The African Union said the elections went off well though, as Jammeh awaits victory.


You might consider elections in a slither of land either side a distant West African river is an irrelevant topic. But The Gambia was once so much freer. 

This little country of a million or so people is steadfastly independent, and rightly so. Surrounded on three sides by the Senegalese, Gambians might have been poor, multicultural and, if it weren't for tourism and peanut farming, forgotten but they were fiercely proud. Now they are "cowed by repression and intimidation" according to the local regional economic club to which they belong, ECOWAS.

But that finding was fantasy, evidently.

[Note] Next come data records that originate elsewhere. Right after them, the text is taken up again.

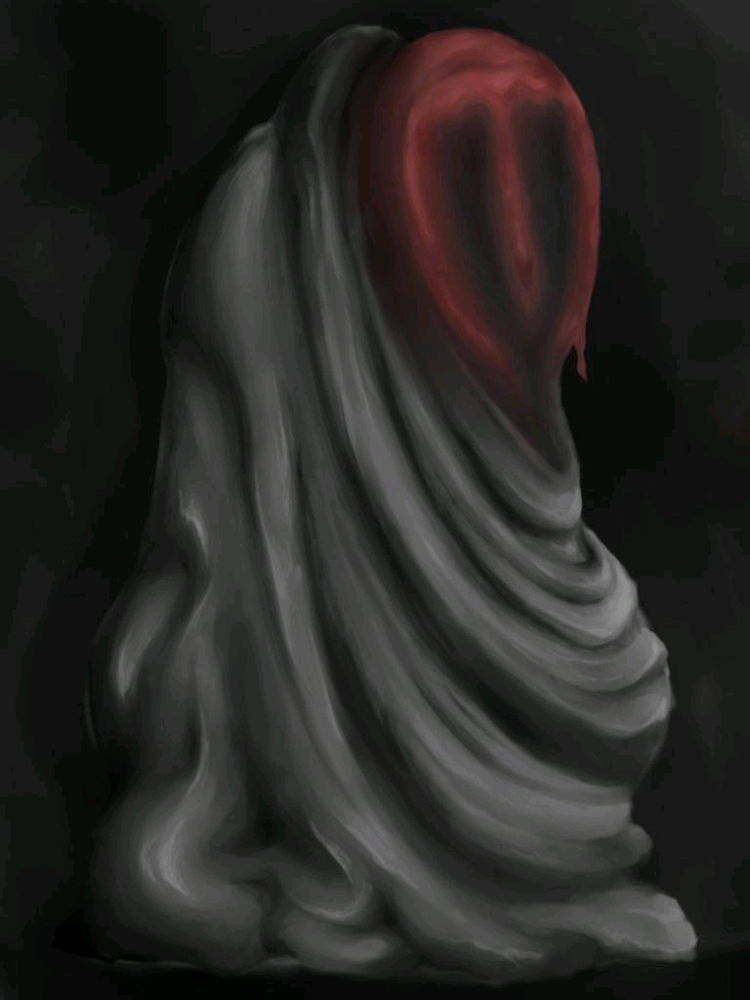 Dijital sketch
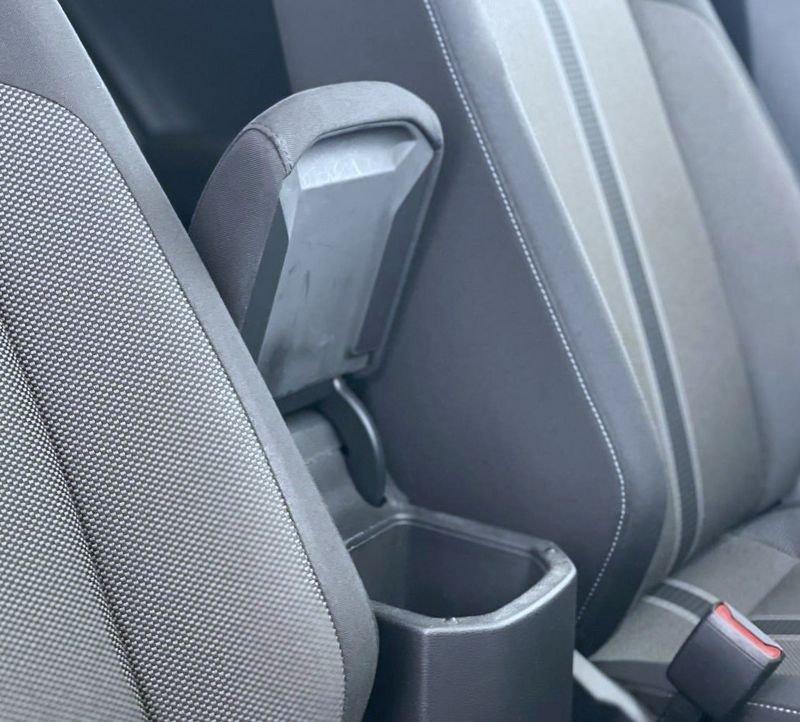 Volkswagen T-Roc 1.6 TDI SCR Style BMT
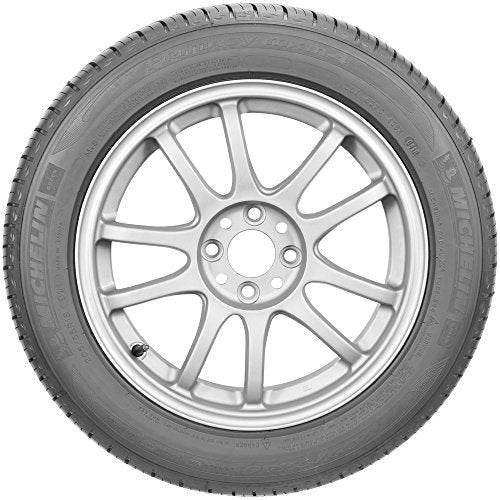 Primacy Michelin MXM4 235/45R18 98W XL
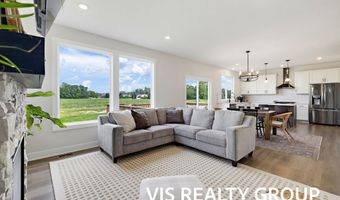 10468 Poppy Ln, Allendale, MI 49401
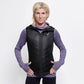 Pre-order Hoodie Slim Fit Lilla 2.0 - Rikke Hørlykke x Winnershape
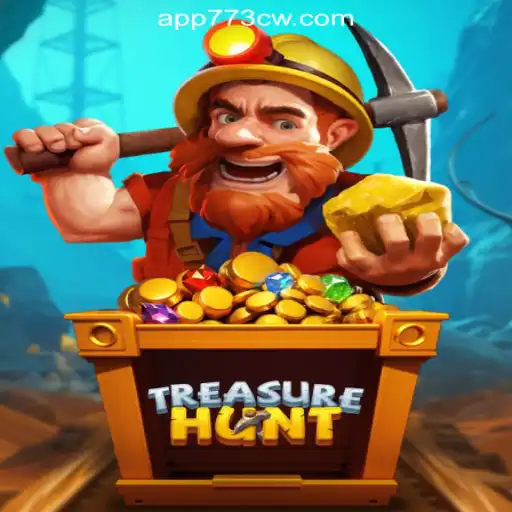 Exploring TreasureHunt: Your Ultimate Guide to Thrilling Adventures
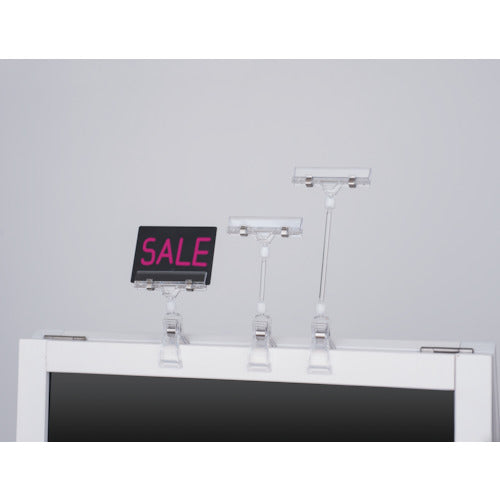 友屋　ＢＣ−５０　業務用パック１０ケ袋入　　　  20726XXX  TOMOYA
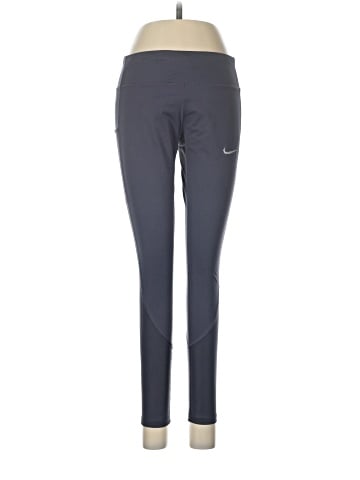 Nike Active Pants (view 1)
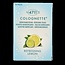 Colognettes lemon 20 Stuks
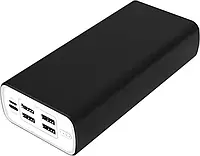 Потужний павербанк Power Bank Тoospon APD101 на 50000mAh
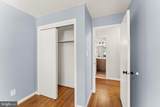 9280 Bailey Lane - Photo 28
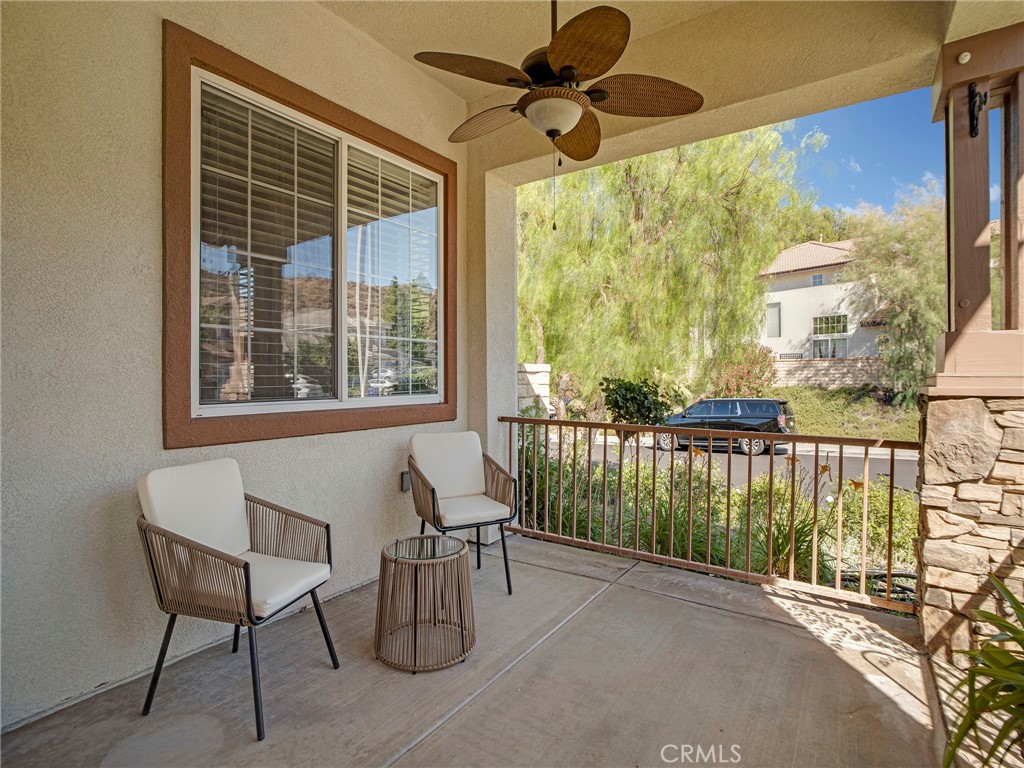 Custom Copper Hill (CCOPN) - Residential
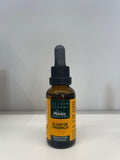 Elixir de Urgencia 30ml - Plantis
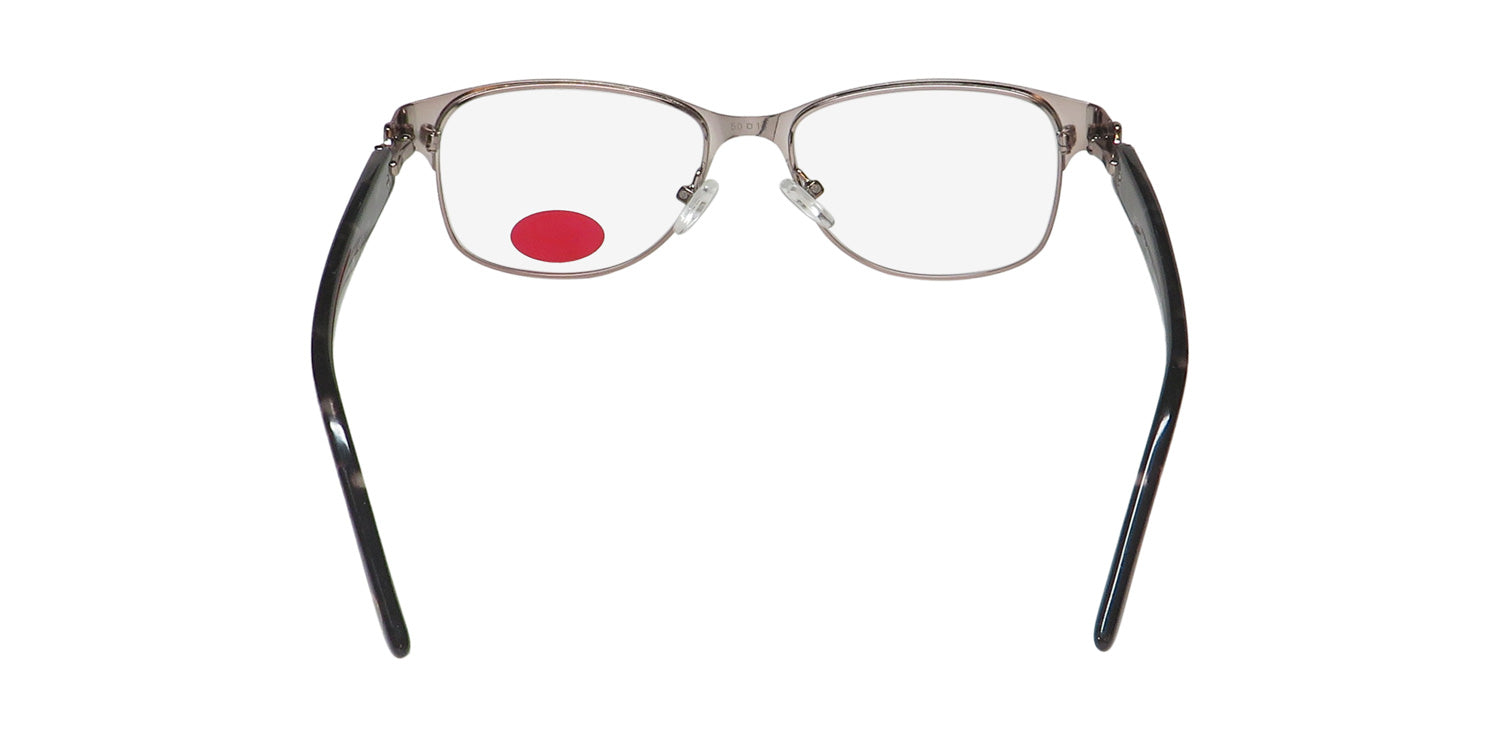Oscar de la Renta Osl 115 Eyeglasses by ModaFrames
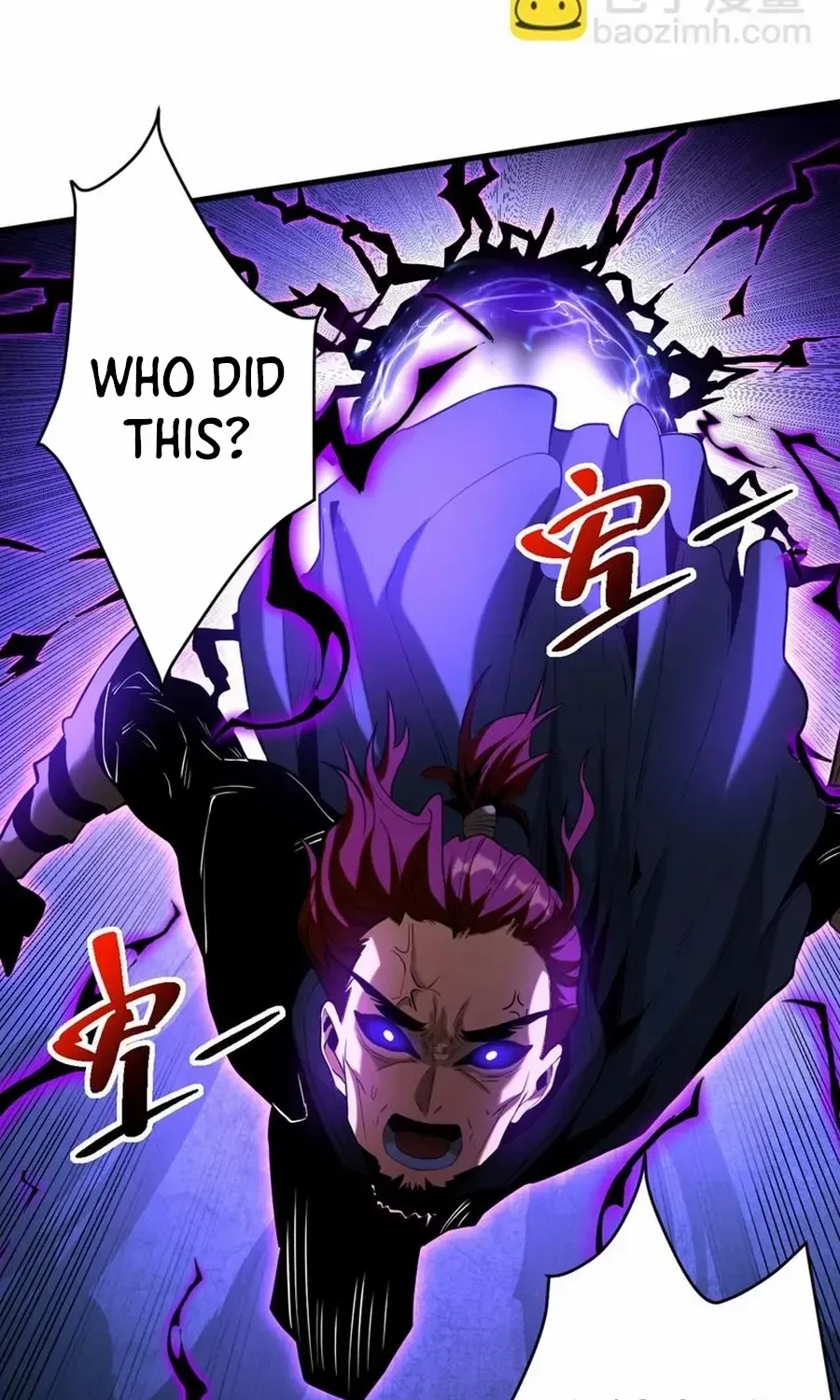 Read My Disciples Cultivate, While I Slack Off! chapter 55 image 3 on Lezhin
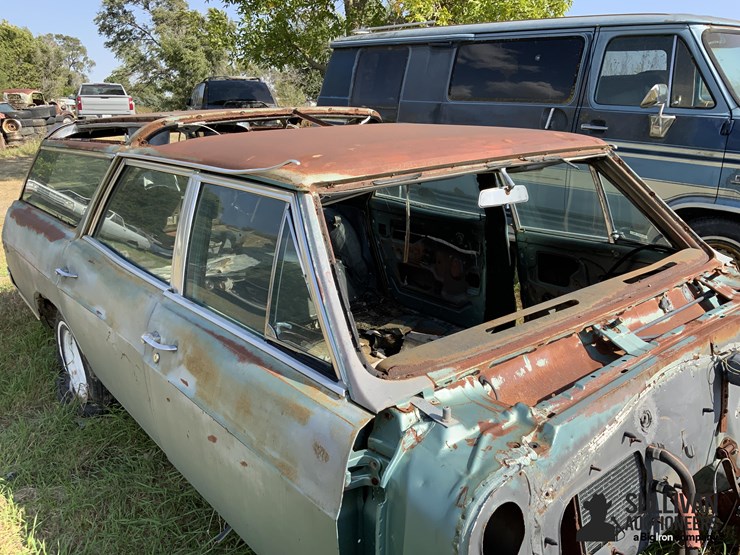 1966-buick-sport-wagon-image-20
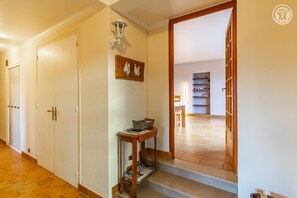 Interior - LA LANSADIERE - SAINT GIROD (SAINT GIROD)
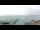 Webcam in Île Saint-Nicolas, 0 km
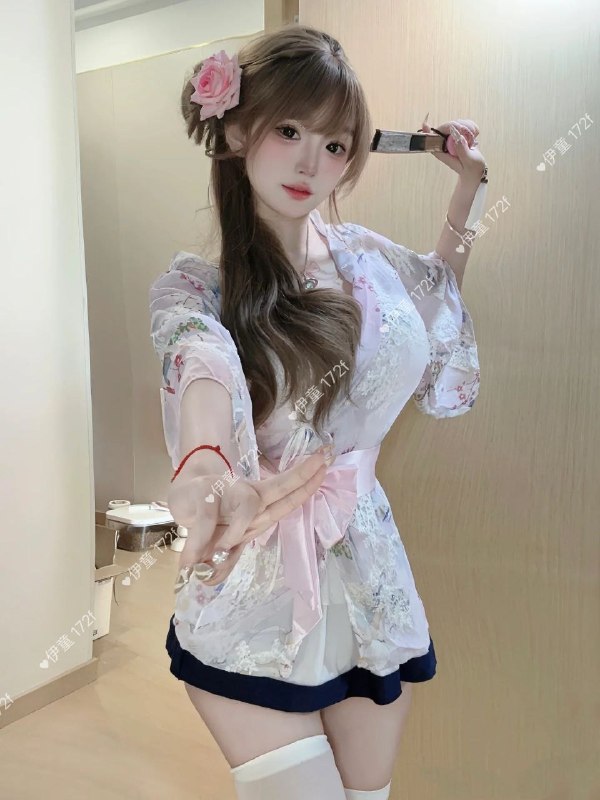 南昌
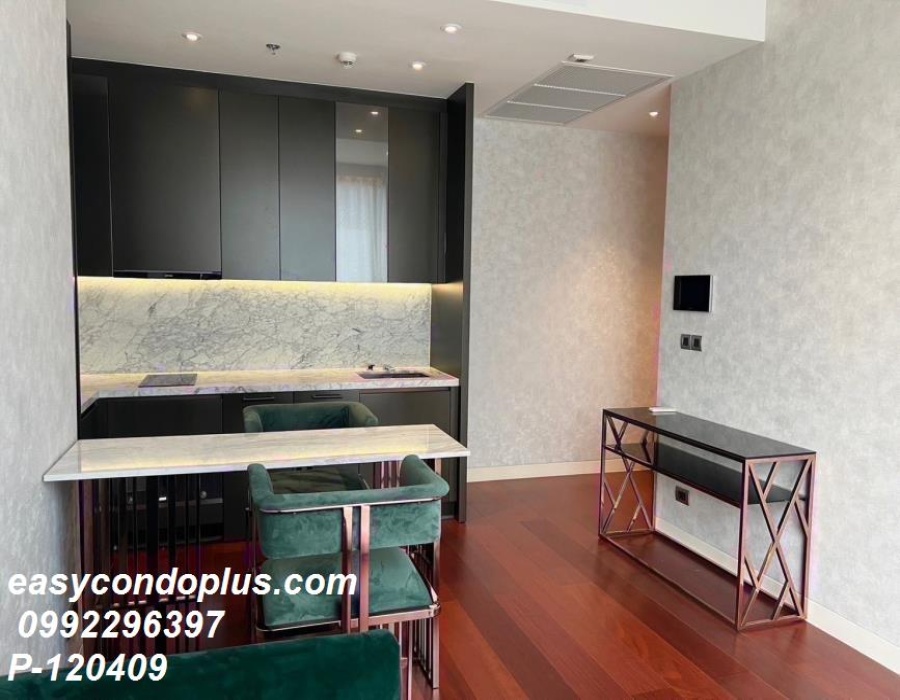 1 Bedroom Bedrooms, ,1 BathroomBathrooms,1 ห้องนอน,เช่า,12600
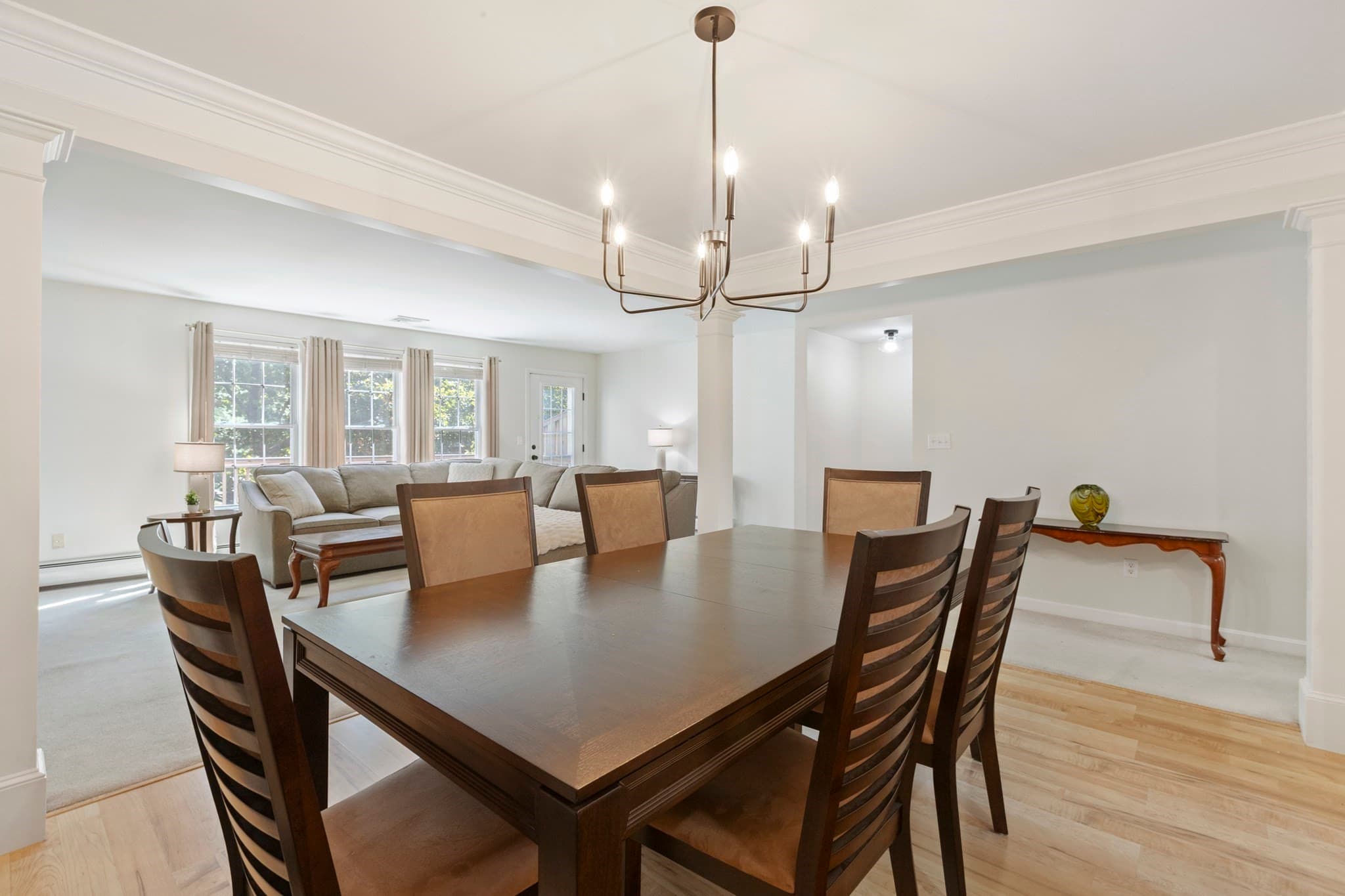 Stock Cooperative at 11 Harbor Mist Drive # 11, Fairhaven MA 02719, Fairhaven, photo 14 of 33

According to Samuel Fonkam, leader of African Union poll monitors said that the presidential ballot was "well organized and devoid of intimidation" according to the BBC.

Who was right?

I suspect the former. President Yahya Jammeh, in power already since 1994, will be re-elected with another resounding majority. Why bother to hold an election, if other than to secure more rounds of foreign aid. The locals won't rise up. They'll carry on regardless, although it won't be much like a British comedy film starring Sid James, Joan Sims and Kenneth Williams.

ECOWAS has always been treated with a degree of indifference in the Gambia anyway. Why should anything change? ECOWAS' assertions were discounted during the campaign by one of Jammeh's two man challengers, Hamat Bah of the United Front coalition, who couldn't recall any incidence of intimidation and was concerned that claims by the ECOWAS Monitors could discourage his supporters from voting.

So there you are. Another almost certain Jammeh landslide. All free and fair, so they say. Tell that to the average Gambian on the Serrekunda omnibus and watch his reaction.